Oldest western European human fossil found

Monday, 2 July 2007
Agençe France-Presse
Oldest western European human fossil found

The tooth is the oldest fossil remains, though not the oldest evidence, of humans in western Europe.

Credit: AFP

MADRID: Spanish researchers say they have unearthed a human tooth more than one million years old, which they estimated to be the oldest human fossil remain ever discovered in western Europe.

Jose Maria Bermudez de Castro, co-director of research at the Atapuerca archaeological site said the molar, discovered last week in the Atapuerca Sierra in the northern province of Burgos, could be up to 1.2 million years old.
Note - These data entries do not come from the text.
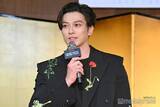 「新田真剣佑、“1周5分”巨大セットでの撮影回顧「入ってみてもかなりの迫力」パワーアップした“ド派手アクション”にも自信【ONE PIECE】」の画像1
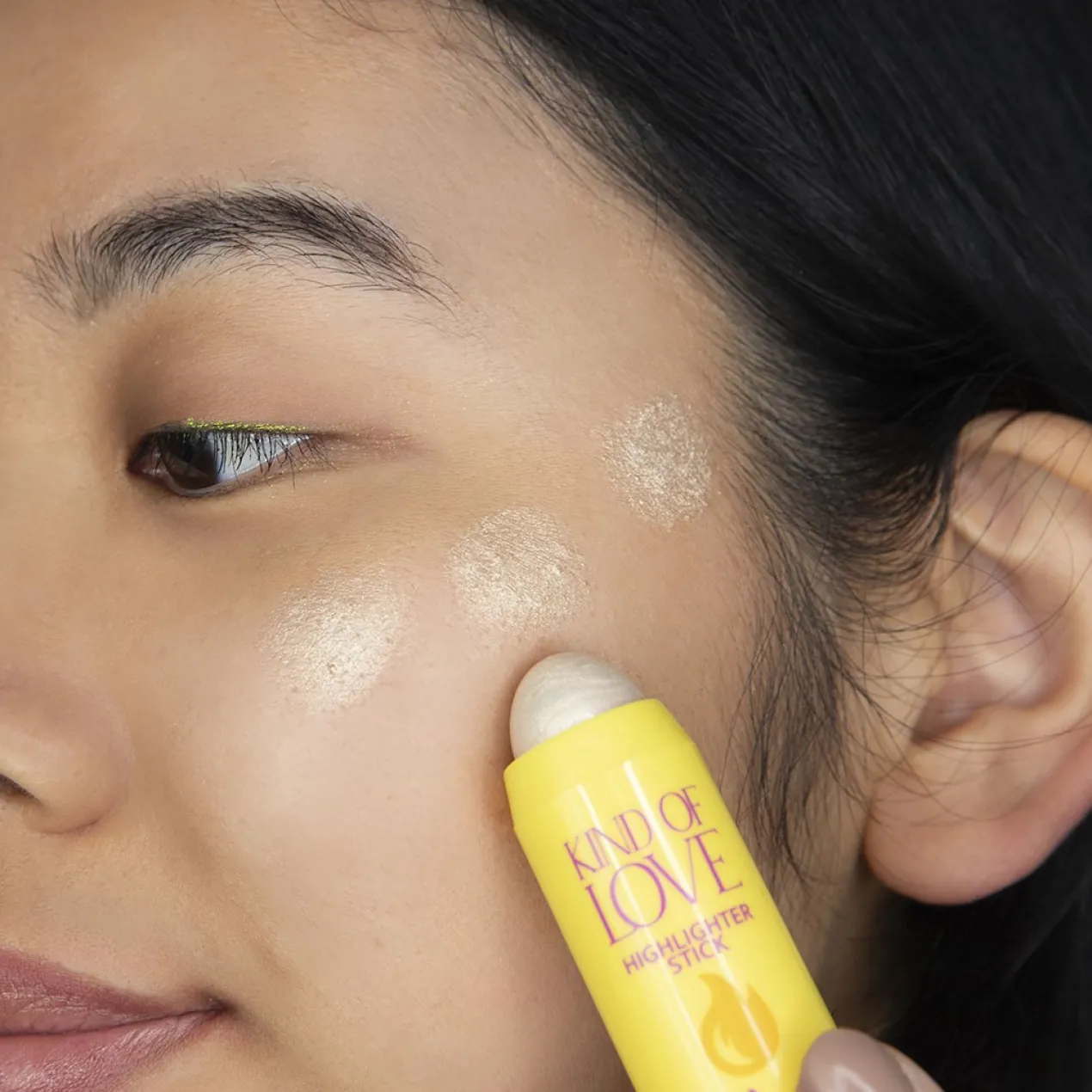 Kind Of Love Highlighter Stick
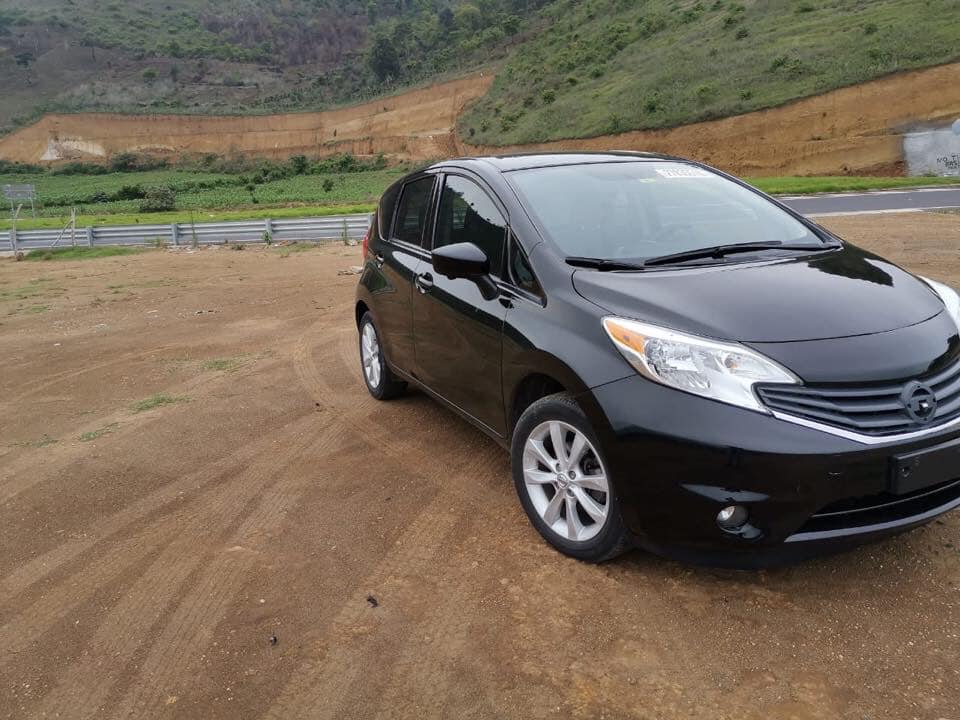 Nissan versa 2015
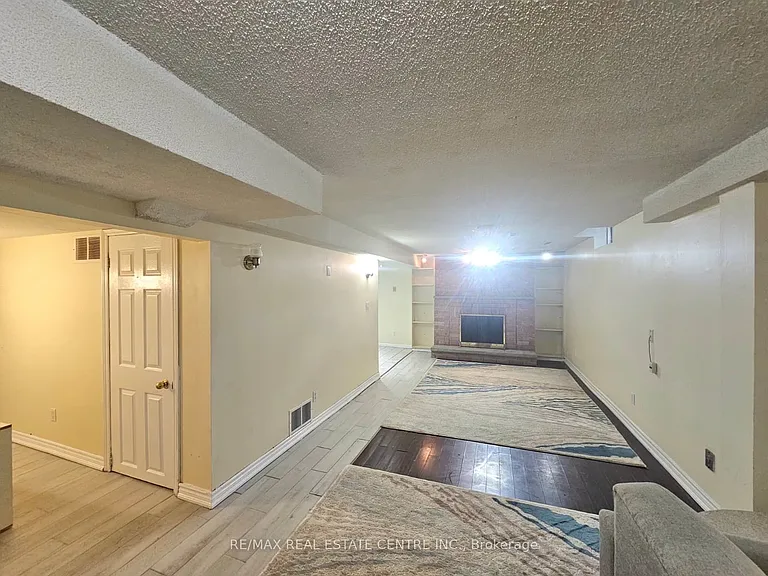 1618 Mistburn Ct #2 — Photo 8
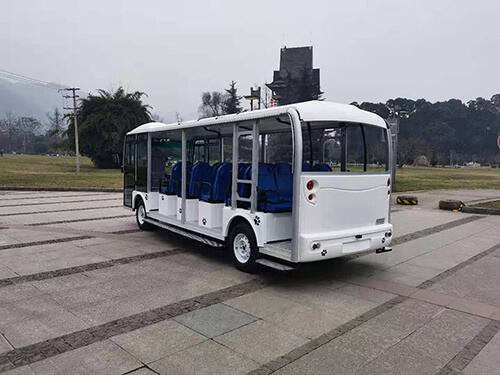 东莞市电动观光车_东莞新能源观光车开到肇庆 沿途吸引肇庆市民骑摩托车来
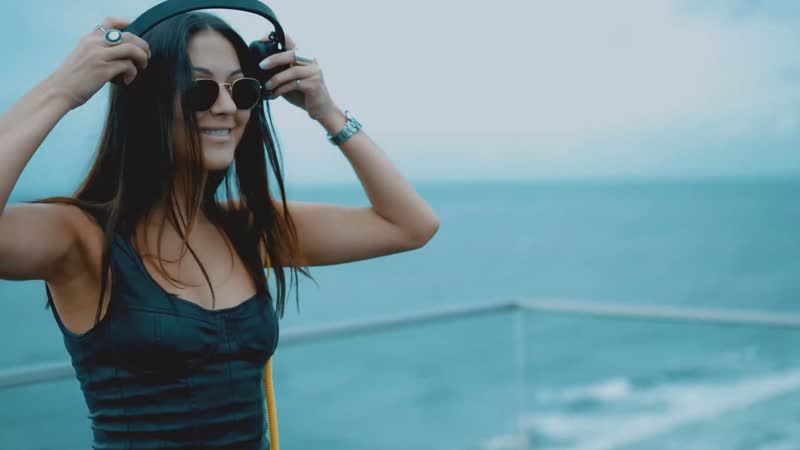 Смуглянка\молдаванка kosmovsky над водной гладью индийского океана с красивой музыкой и видами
"The tooth represents the oldest human fossil remain of western Europe. Now we finally have the anatomical evidence of the hominids that fabricated tools more than one million years ago," the Atapuerca Foundation said in a statement.

Ancient predecessor

"Since it is an isolated fossil remain, it is not possible at this point to confirm which Homo species this tooth belongs to," the foundation added, but said first analyses "allow us to suppose it is an ancestor of Homo antecessor."

Antecessor means predecessor and the species is thought to be one of the first ancient human species to make it to Europe. Some experts believe it is an ancestor to both the Neanderthals and our own species.
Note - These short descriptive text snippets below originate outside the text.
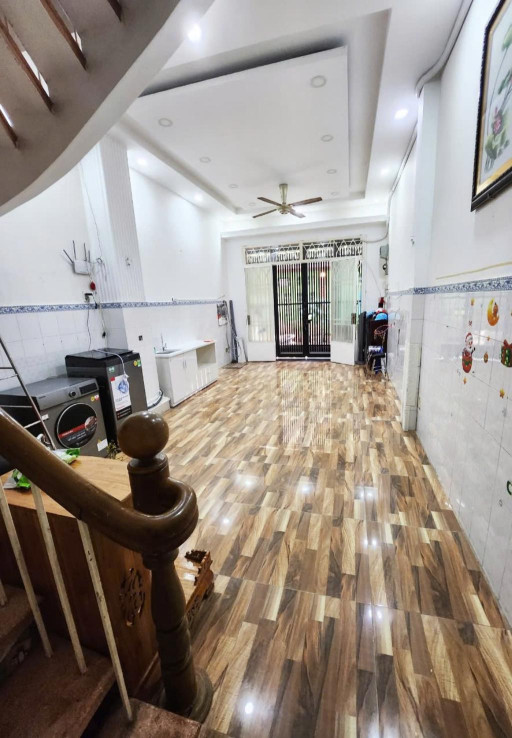 Nhà bán - P. Rạch Ông, 4 tầng, BTCT - nhỉnh 11 tỷ,  hẻm xe tải 109 Dương Bá Trạc - Quận 8 - ngang 5m, 4 tầng, BTCT - nhỉnh 11 tỷ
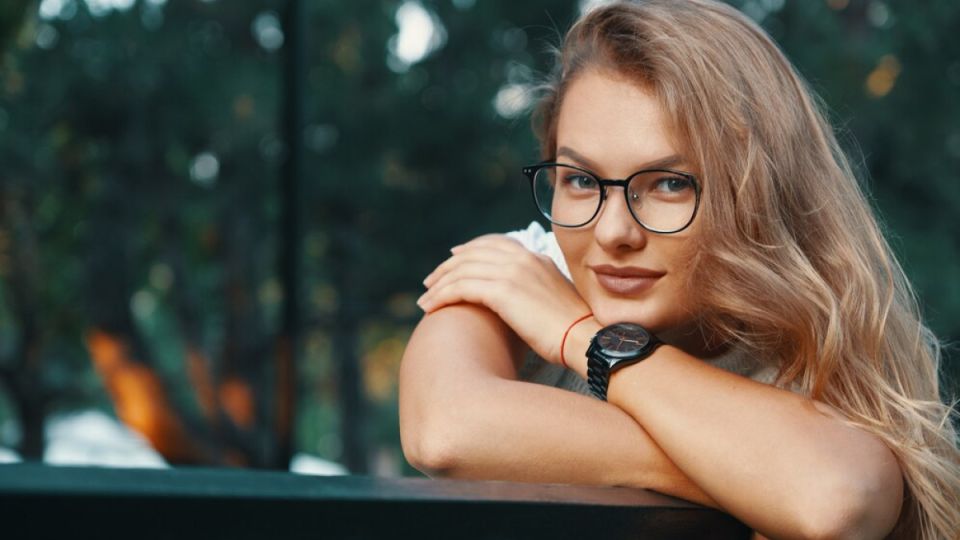 Выбор модных очков: как подобрать — чтобы подходили к лицу, а не искажали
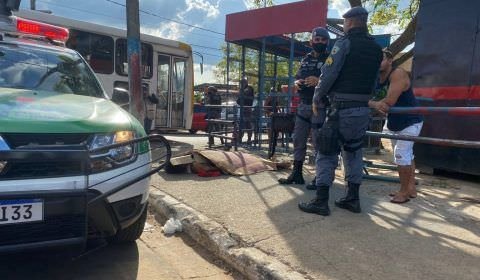 Venezuelano é executado a tiros em frente à feira da Panair, em Manaus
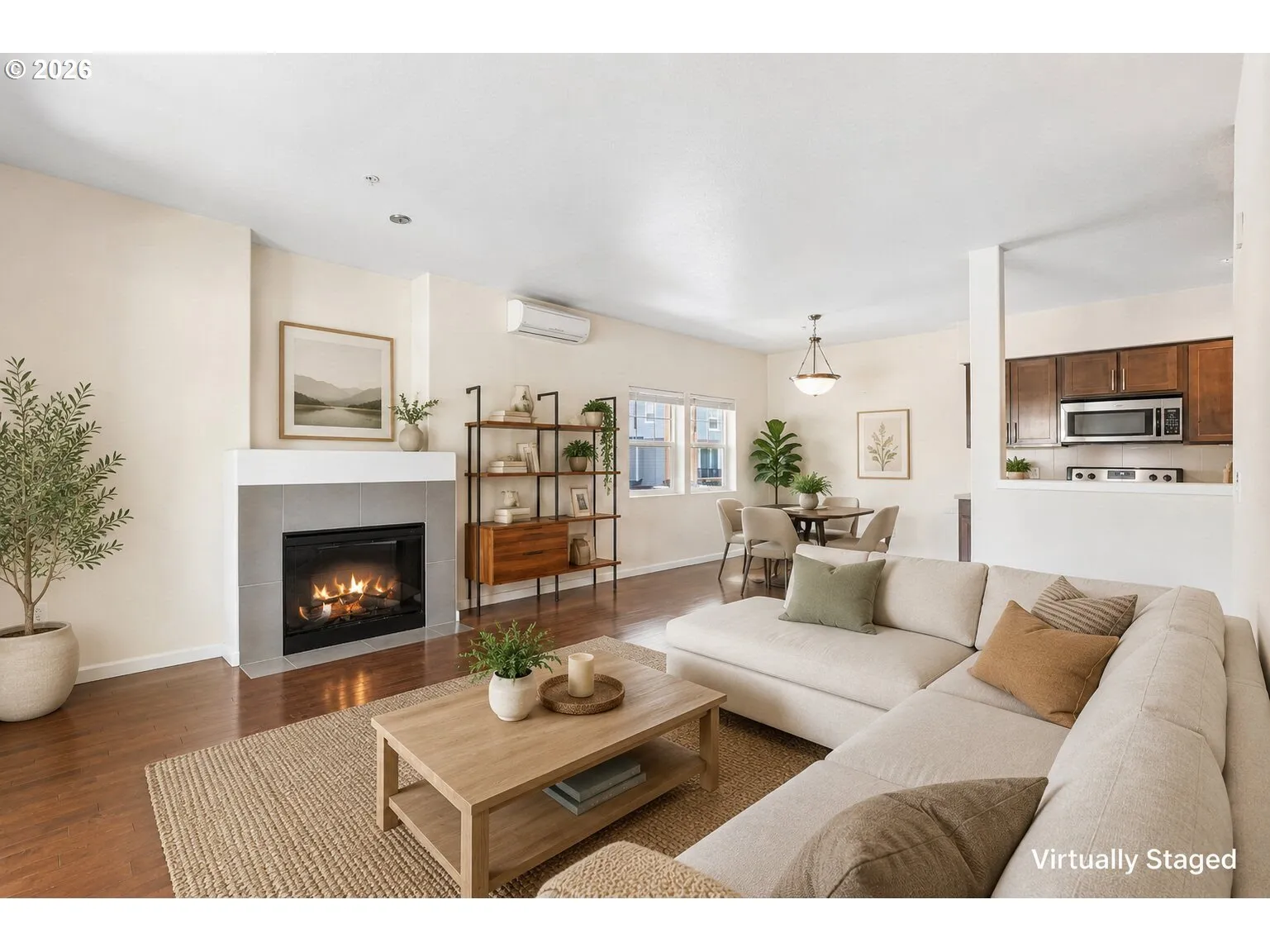 Living Room-Fireplace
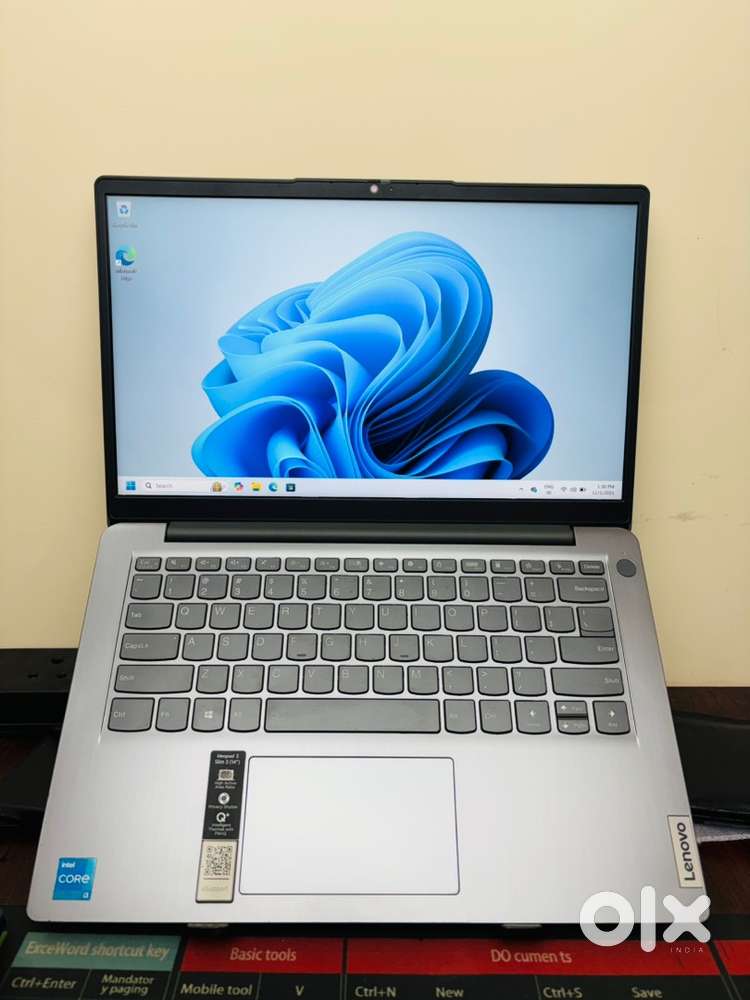 Lenovo IdeaPad Slim 3  i3 11th Gen  8GB/512GB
In 1994 at the nearby Gran Dolina site several Homo antecessor fossils were uncovered, suggesting human occupation of Europe around 800,000 years ago, whereas scientists had previously believed the continent had only been inhabited for around half a million years. Subsequent findings in various sites across Spain lent further credence to the earlier date.

The Sierra Atapuerca contains several caves such as the Gran Dolina site, where fossils and stone tools of Europe's earliest known hominids have been found. Researchers found the molar in the Sima del Elefante section of the sierra which had previously yielded fossils from mammals including bison, deer and bear as well as birds and a mouse.

Pit of bones

The foundation said studies of the geological level suggested it was more than one million years old but that final results were being awaited prior to "publishing this extraordinary finding."
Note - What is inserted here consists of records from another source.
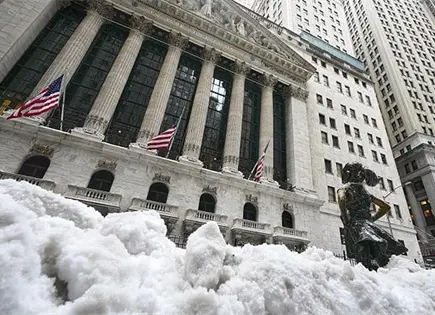 Mercado de EU avanza y el oro alcanza r&eacute;cord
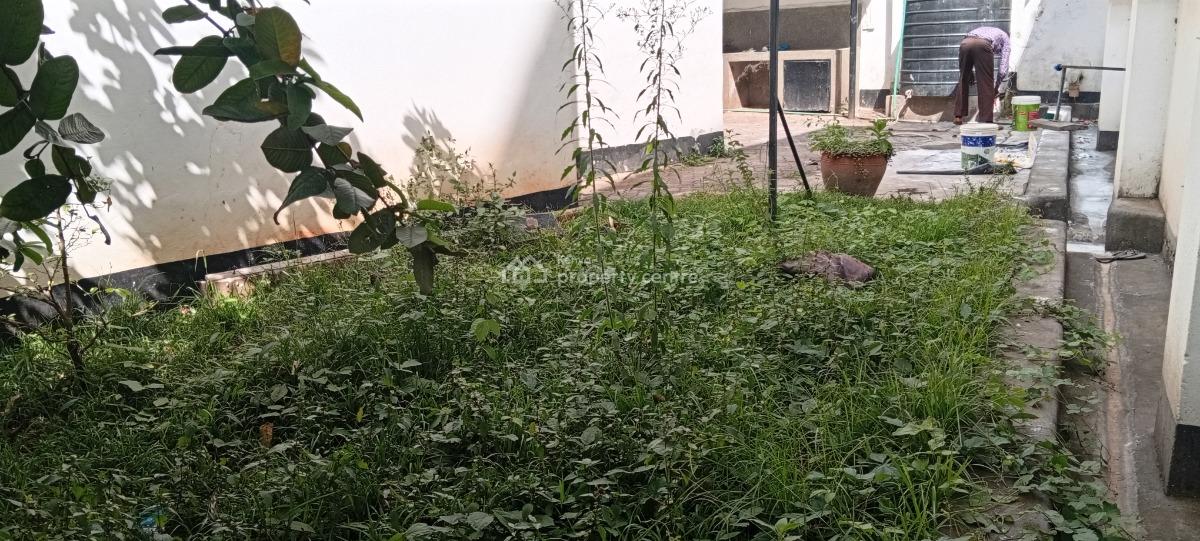 Five (5) Bedroom Two (2) Ensuite Townhouse with a Garden, Kilimani Estate, Kilimani, Nairobi, Townhouse for Rent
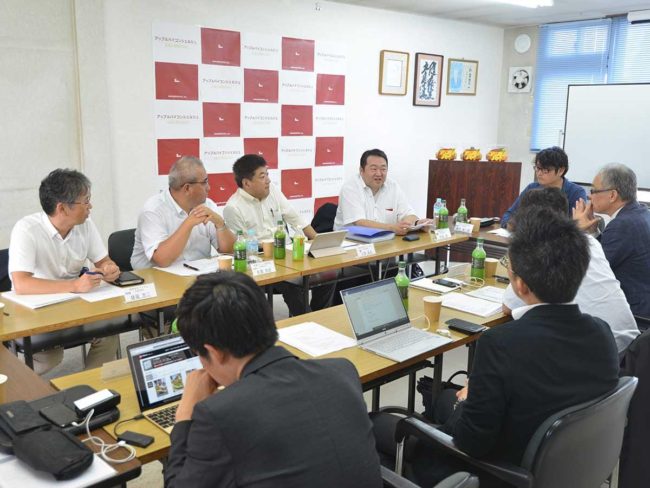 Hirosaki's first local taxi summit 6 companies from all over Japan participated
Bermudez de Castro, one of three paleontologists leading the expedition, said the fossil appeared to be "well worn" and from an individual aged between 20 to 25 years old.

"For the time being we have no idea what species but there is no doubt, from the (geological) level where the tooth was found, that it belonged to the oldest European found to date," he added.

Excavations in recent years in the sierra have uncovered human remains ranging from early humans through the Bronze Age to modern man. Atapuerca's most famous site is "Sima de los Huesos" (pit of bones) and fossils found there date from at least 350,000 years ago.